▸ The data

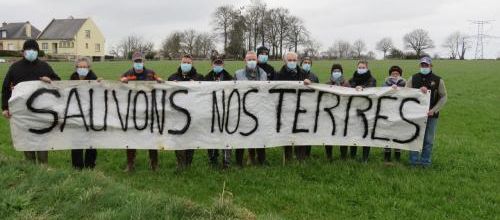Manifestation contre le projet d'implantation d'une plateforme d'e-commerce à Sens (groupe Panhard)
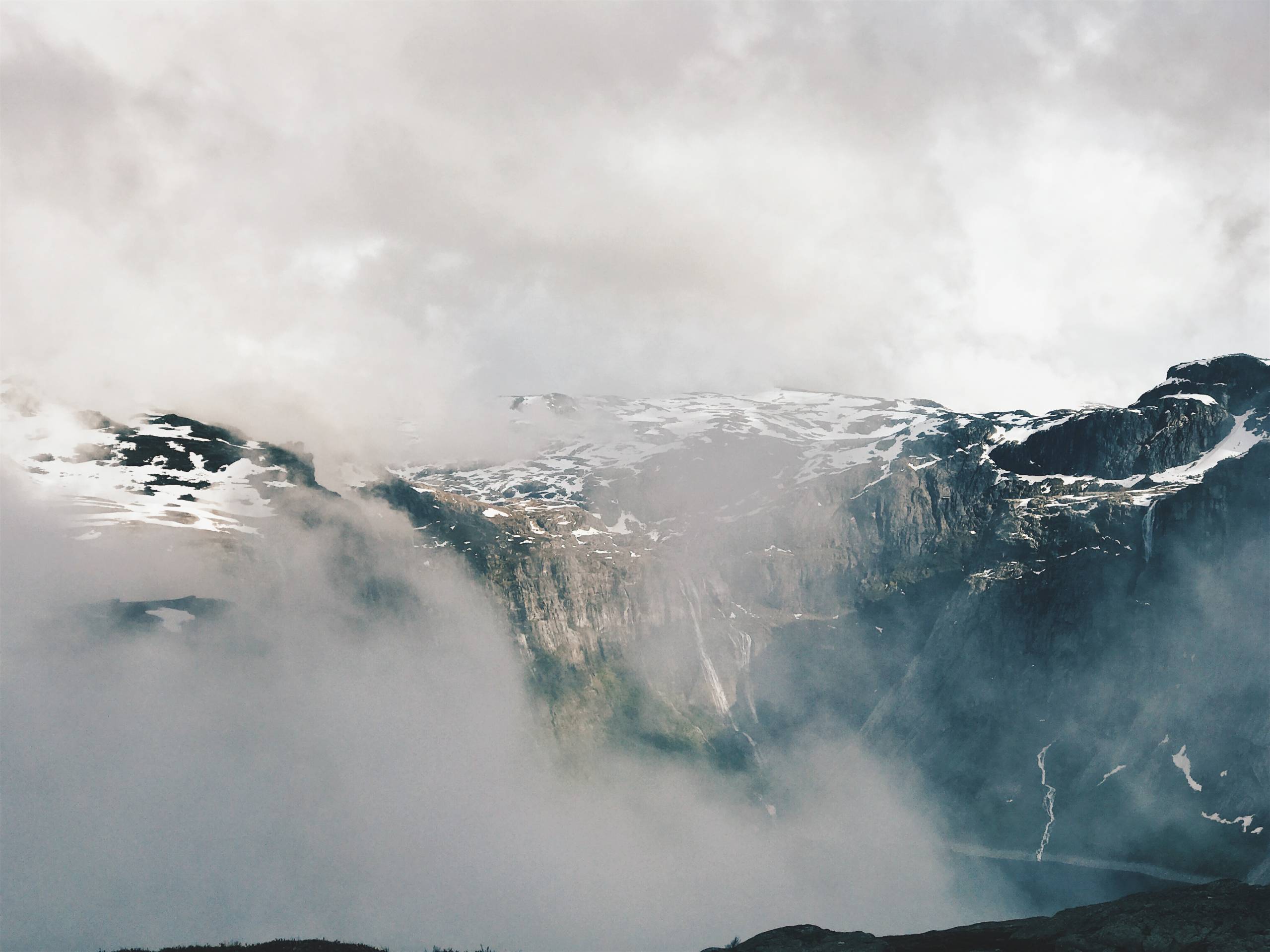 las-nubes-blancas-cubren-magnificos-fiordos-de-noruega-2559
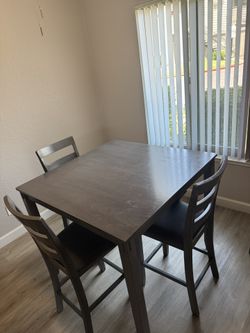 MOVING SALE‼️ 5pc Kitchen Table Set/ Ashley Furniture‼️
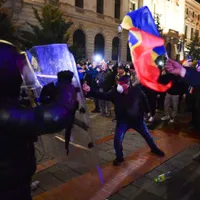 Protest pro-Georgescu, în fața sediul CCR. Un bărbat, ridicat de jandarmi. Care e motivul - Foto: Profimedia Images (rol ilustrativ)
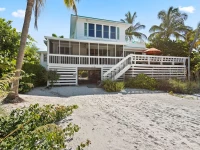 White Sand Cottage by Vacation Rental Pros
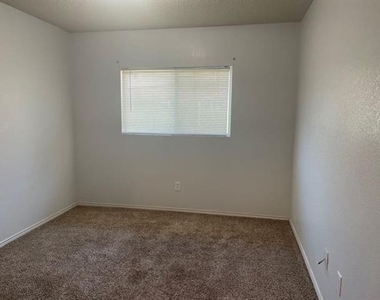 820 Eagle Drive - Photo Thumbnail 8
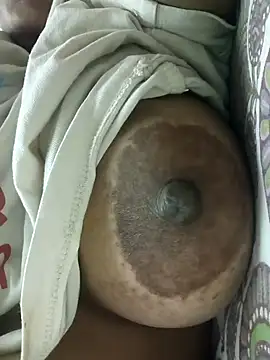 Snapshot of cuteyqueen chatting on February 6, 2025, 12:16 pm cuteyqueen online show from February 6, 2025, 12:16 pm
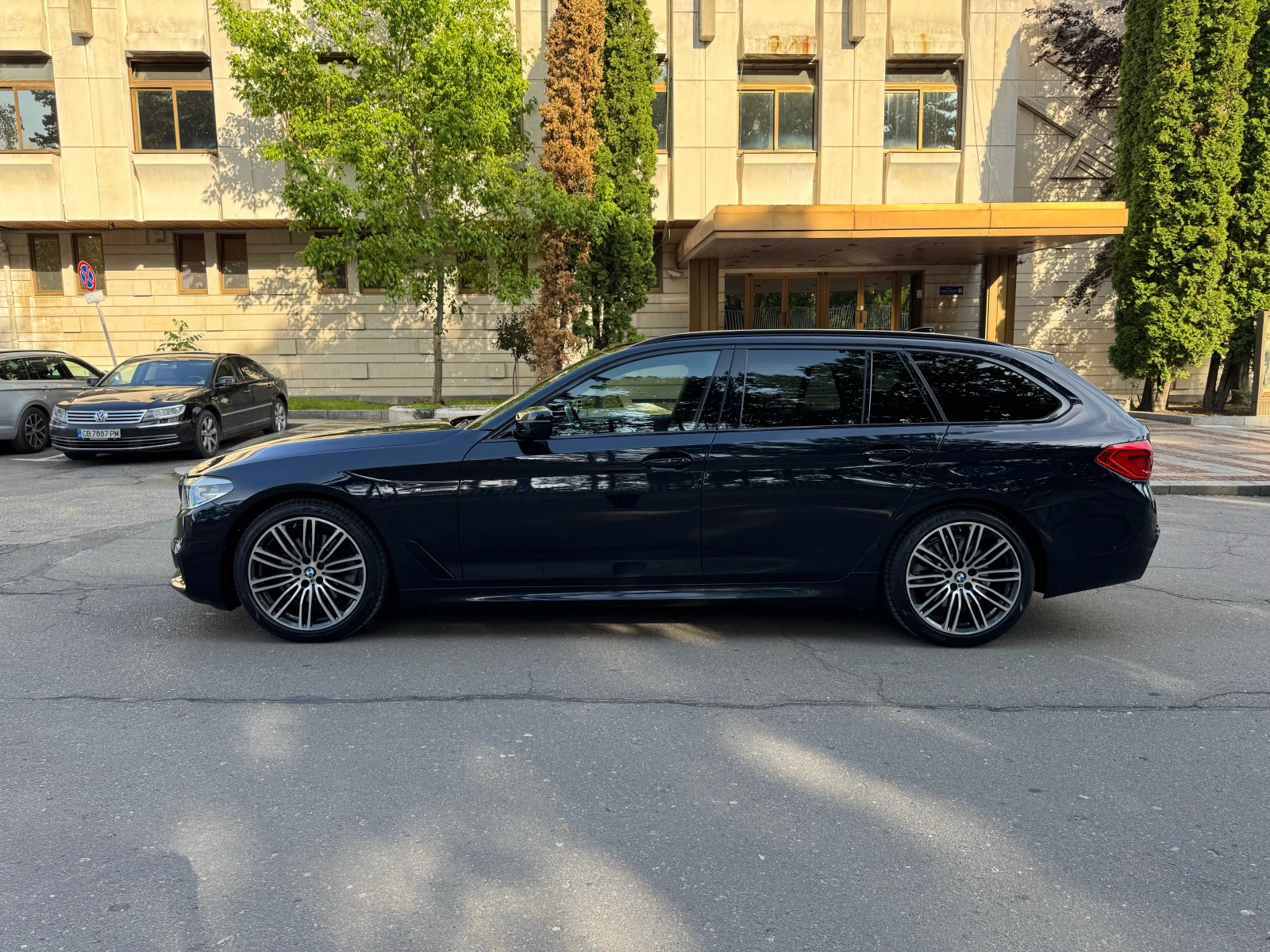 BMW 520 d xDrive M Sport Touring , снимка 4 - Автомобили и джипове - 55364465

▸ Problem details
Please return only the lines from the top of the data through the line with "MOVING SALE‼️ 5pc", exactly as written, and drop every picture.

▸ The completed task
Manifestation contre le projet d'implantation d'une plateforme d'e-commerce à Sens (groupe Panhard)
 las-nubes-blancas-cubren-magnificos-fiordos-de-noruega-2559
 MOVING SALE‼️ 5pc Kitchen Table Set/ Ashley Furniture‼️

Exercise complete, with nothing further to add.